Handloom – the Woven Heritage of India
India has a long tradition of excellent handloom products. These products are not only high quality but are also made with extraordinary skills and craftsmanship. Indian handloom is the timeless face of the rich cultural heritage of India. It is generally estimated that there are 6.5 million people who directly or indirectly depend on the handloom sector in India for their livelihood. Also there are about 3.5 million handlooms spread all over India. Increasing population and popularity of handloom, the market is expected to increase and per capital consumption is also expected to rise. Handloom has an edge over power loom and mills. Goods can be produced in smaller quantity in handloom. There is an openness for innovations, new designs are easy, supplier’s requirements can be accommodated, and exquisite designs can be created.
India is a reputed place for handloom weaving. Handloom in India are extremely diverse in their tradition and culture. From Kashmir to Kanyakumari and from Kutch to Kohima, Indian handloom has its own unique flavor which is distinct to its area of origin and weaving. They differ in their design, texture, cloth and technique. Indian handloom comes in hundreds of varieties of silk and cotton which is used as the base fabric. In some Indian handloom gold or silver or their metallic variants are used to form attractive zari or thread to create attractive borders or decorative patterns or traditional pallus. Lively and colorful combination of fabric is achieved through painting, weaving or dyeing.

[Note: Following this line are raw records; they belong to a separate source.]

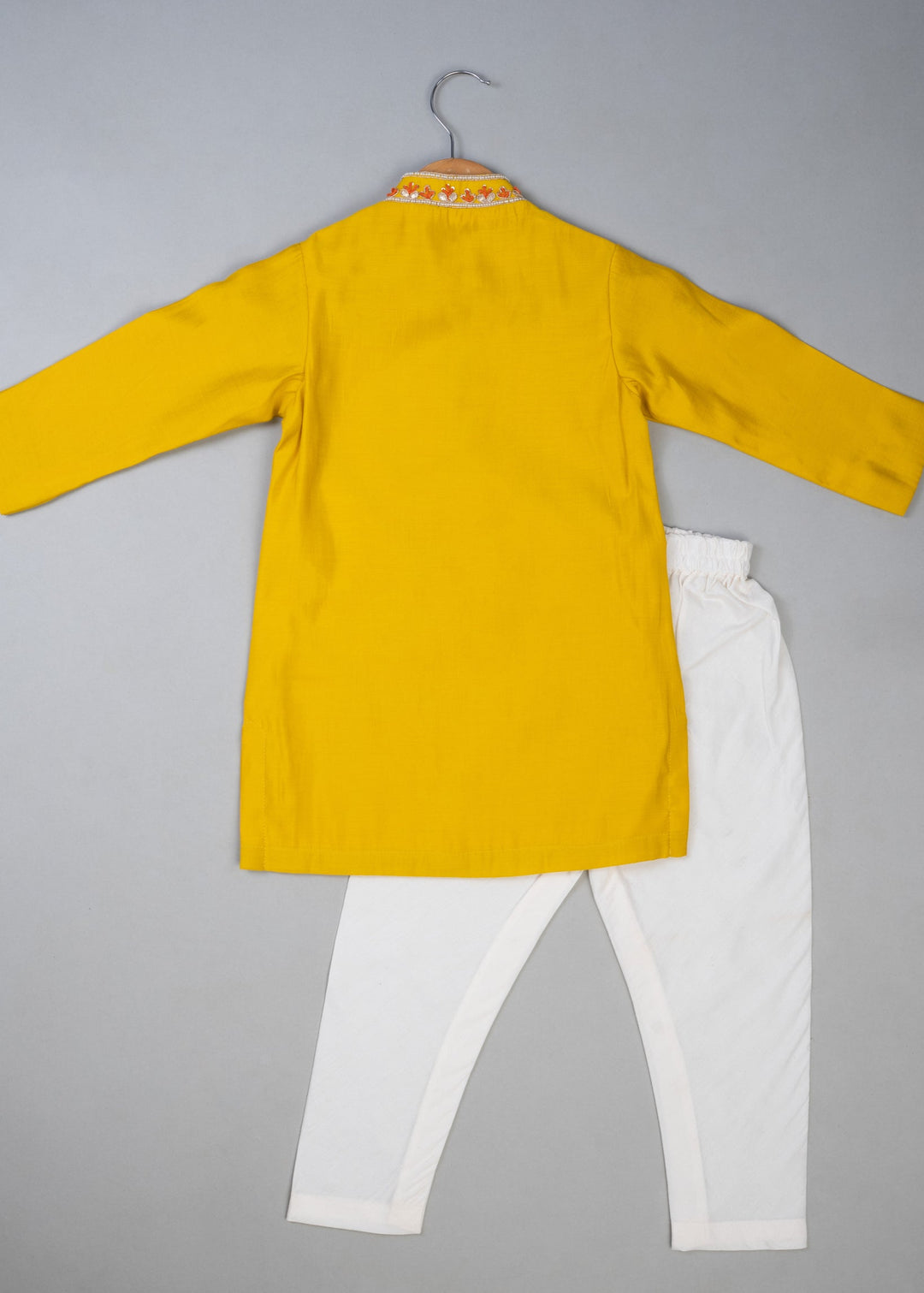 Mustard Cotton Embroidered Knot Kurta With Pyjama Set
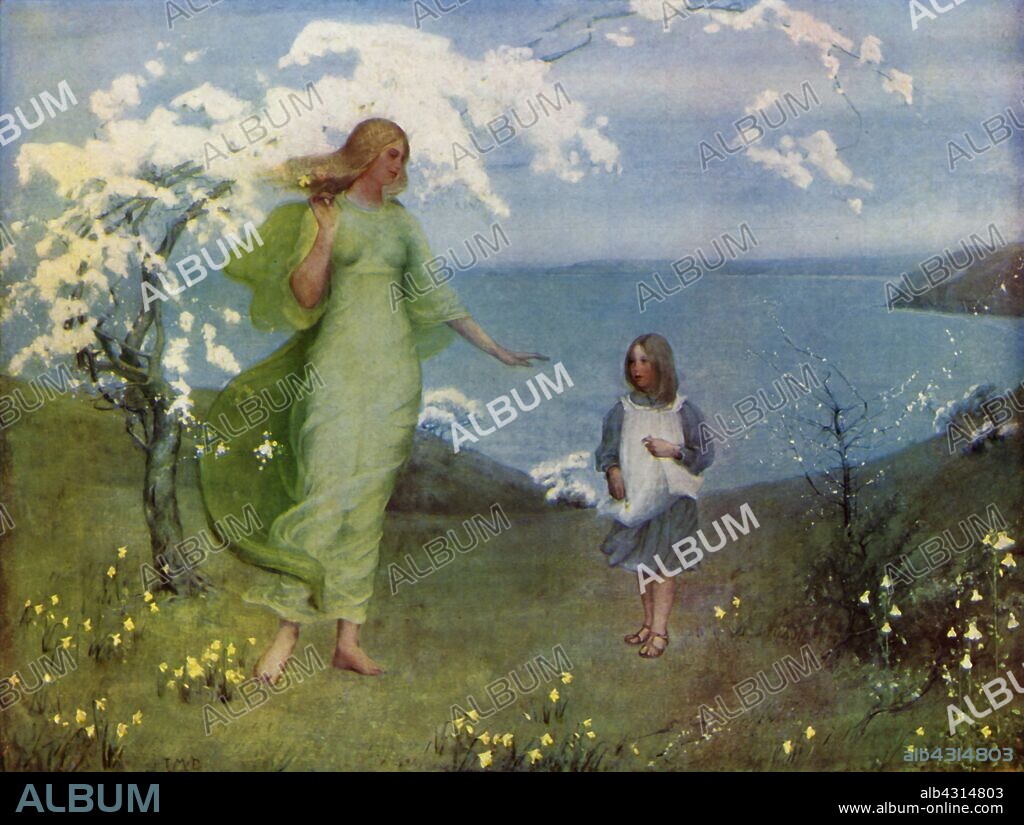 'A Vision of Spring', 1902, (1936). by Thomas Millie Dow (1848-1919). Oil on canvas. Held at Manchester Art Gallery. From "Bibby's Annual 1936", edited by Joseph Bibby. [J. Bibby & Sons, Ltd., Liverpool, 1936].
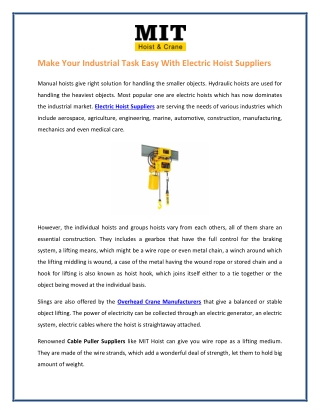 Make Your Industrial Task Easy With Electric Hoist Suppliers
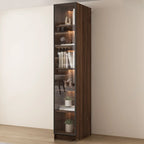 Grande bibliothèque moderne en bois de cacao brun avec portes vitrées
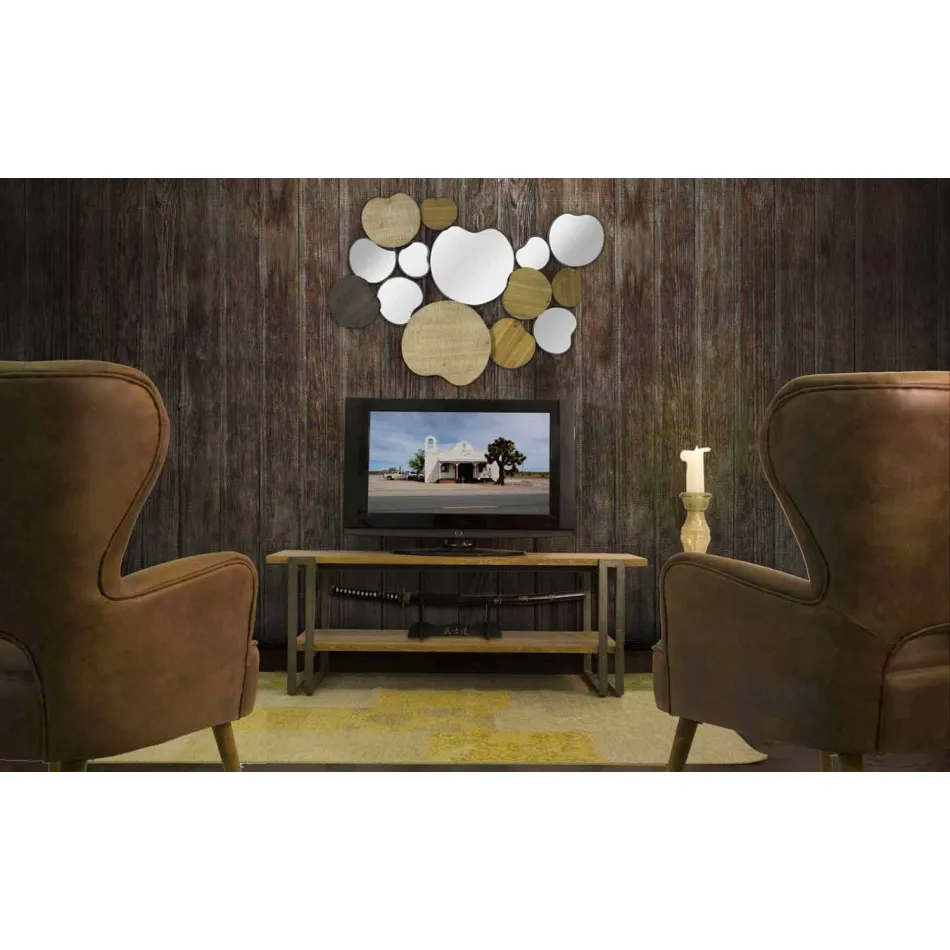 Wandspiegel im modernen Design aus Holz und Eisen - Ortensio Viadurini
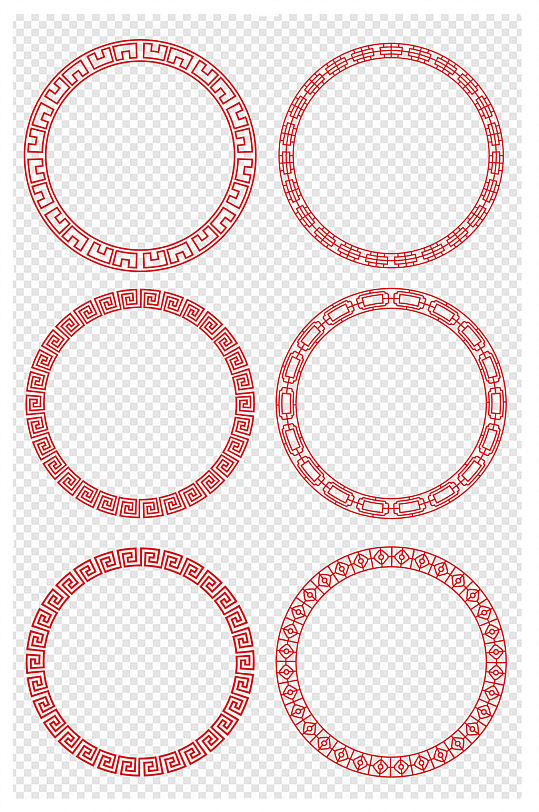 中式传统圆形方形边框图案文本框对话框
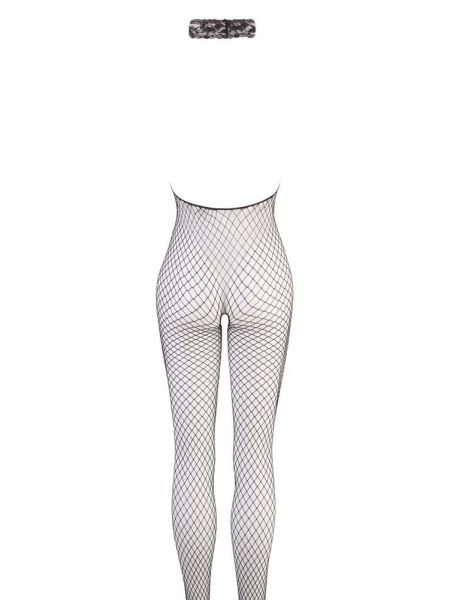 Podniecający bodystocking siatka rozcięty krok S/M - 12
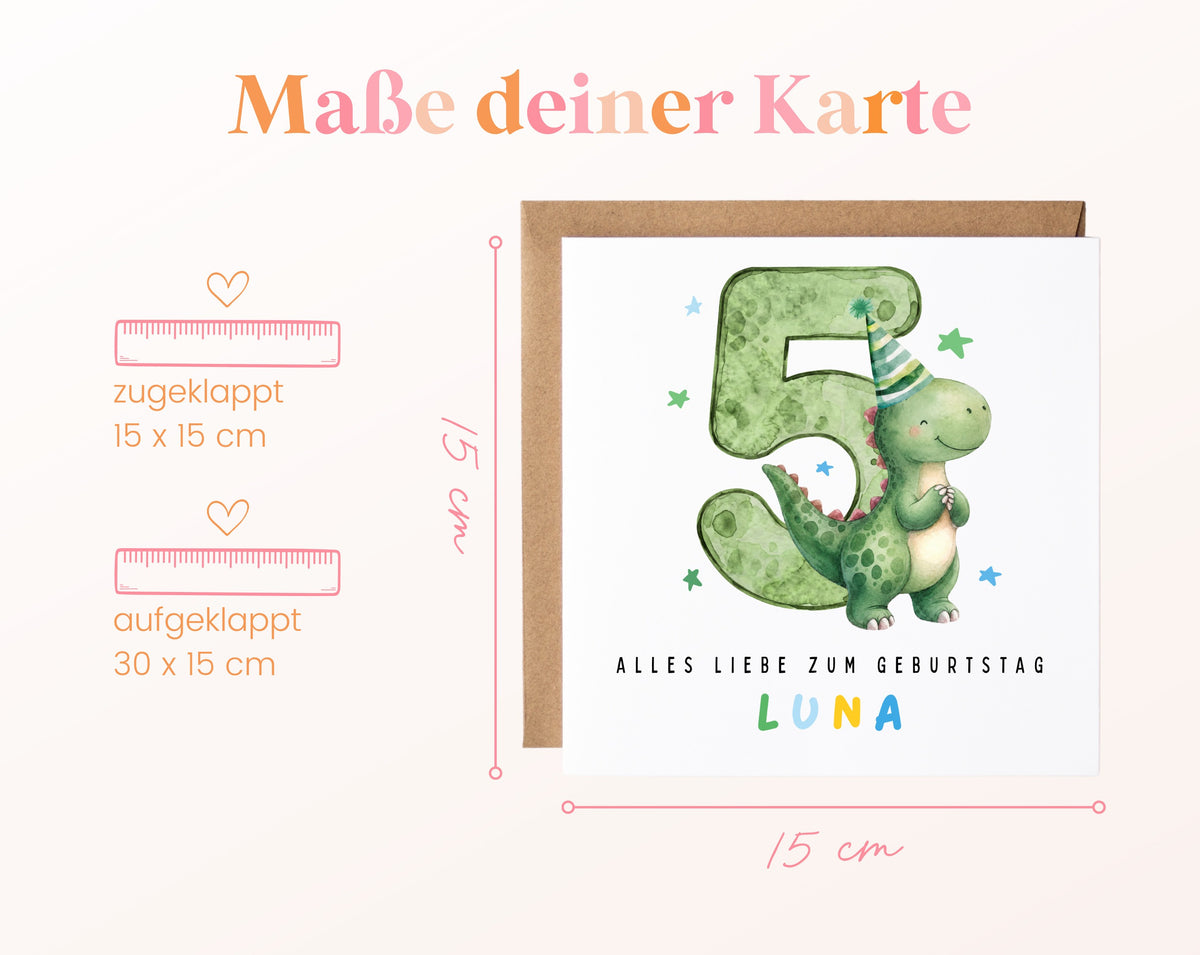 Personalisierte Dino-Karte zum 5. Geburtstag – Maße der Klappkarte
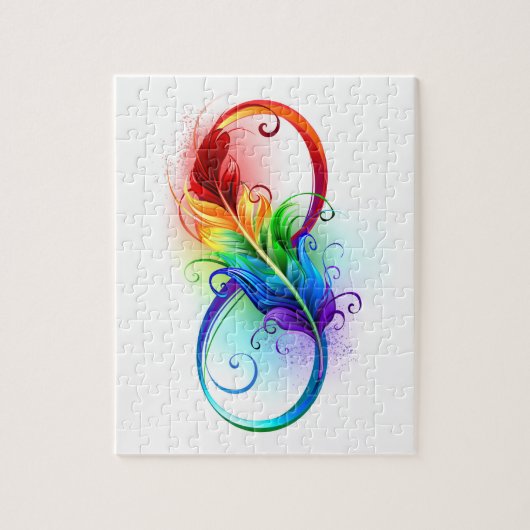 Infinity Symbol with Rainbow Feather ジグソーパズル (縦)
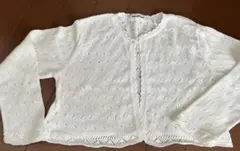 再値下げ！familiarファミリアカーディガン ボレロ120ホワイト透かし編み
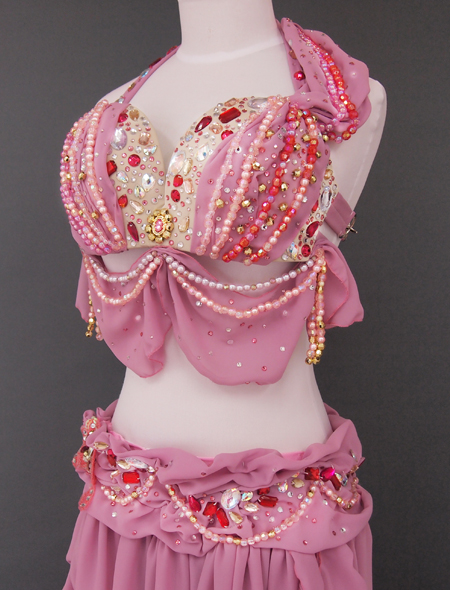 ドレープピンクベリーダンス衣装4　ミラーナ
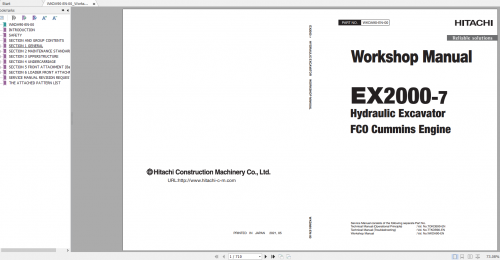 Hitachi Hydraulic Excavator Mining EX2000 7 FC0 Cummins Engine Workshop Manual 1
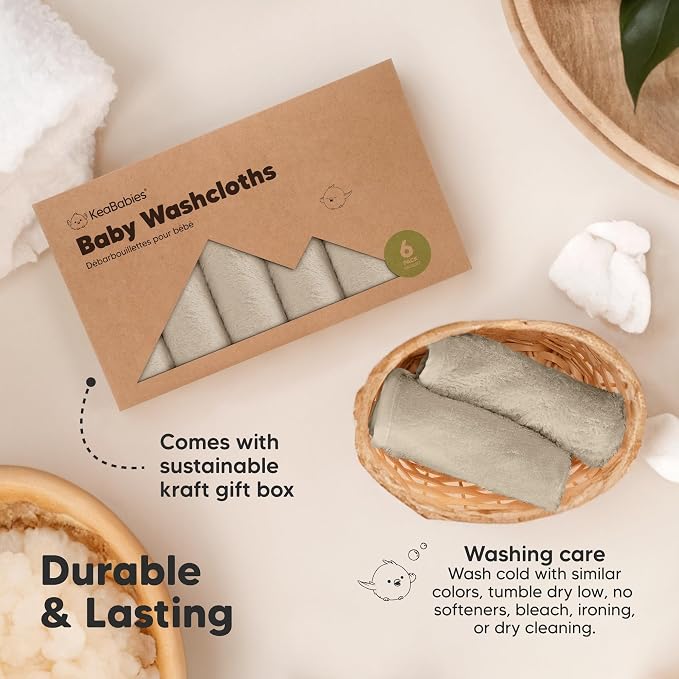 6-Pack Baby Washcloths – Soft Absorbent Viscose from Bamboo Washcloths for Face, Body, Baby Towels for Newborn, Kids, Toddlers,Infant,Gentle on Sensitive Skin,10x10 Reusable Face Towels(Earth Brown)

One of the most attractive and well known apparels of the Indian handloom is the Indian saree. It is also arguably one of most beautiful creations of Indian handloom known around the globe. Rich and traditional in their handloom weaving, the saree is evergreen and its fashion position is almost everlasting. This is mainly because of the varied fabrics and the unique designs made possible through handlooms. This uniqueness or distinctness is not possible in power loom. Each and every state of India has its own unique weaving. Sarees come in so many variants. Popular among these are – Ikkat, kalamkari, tassar silk, phulkari, Sanganeri, Chanderi cotton, Bananasi, Chikan, Kantha, cotton silk, Gadwal, Jamdhani, Kanchi, Narayanpet, Chettinadu, Mangalagiri, Assam, Nagaland, Pashmina, Madurai, and others. Banarasi brocaded sarees, chanderi glossy weaves, Gujarat Gharchola, Rajkot Patola weave, Mysore silks, Kanchipuram Pattu sarees,
Uppada silks, Dharmavaram and arni pure silk sarees are some of the exclusive collections of Indian wedding wear and bridal attires. In line with recent fashion trends Indian handloom is being applied to salwar kameez, kurti and other ethnic and traditional applications. Indian handloom has carried their exquisiteness and quality for years to become a magnificent part of the Indian style statement. Indian handloom has also witnessed changes in their weaves, motifs, and designs over the passage of time. Salwar kameez which historically have found a place in the Indian and Asian woman’s wardrobe have evolved with the times. Its huge range of various designs has achieved a new dimension. Outside the ubiquitous saree, the impact of Indian handloom has been the greatest in the case of salwar kameez and kurtis. Like saree, these two varieties effortlessly fit into any wardrobe – formal, semi formal, festive, or otherwise. A kurti, for instance, can easily dress a woman for her office going ventures or for informal.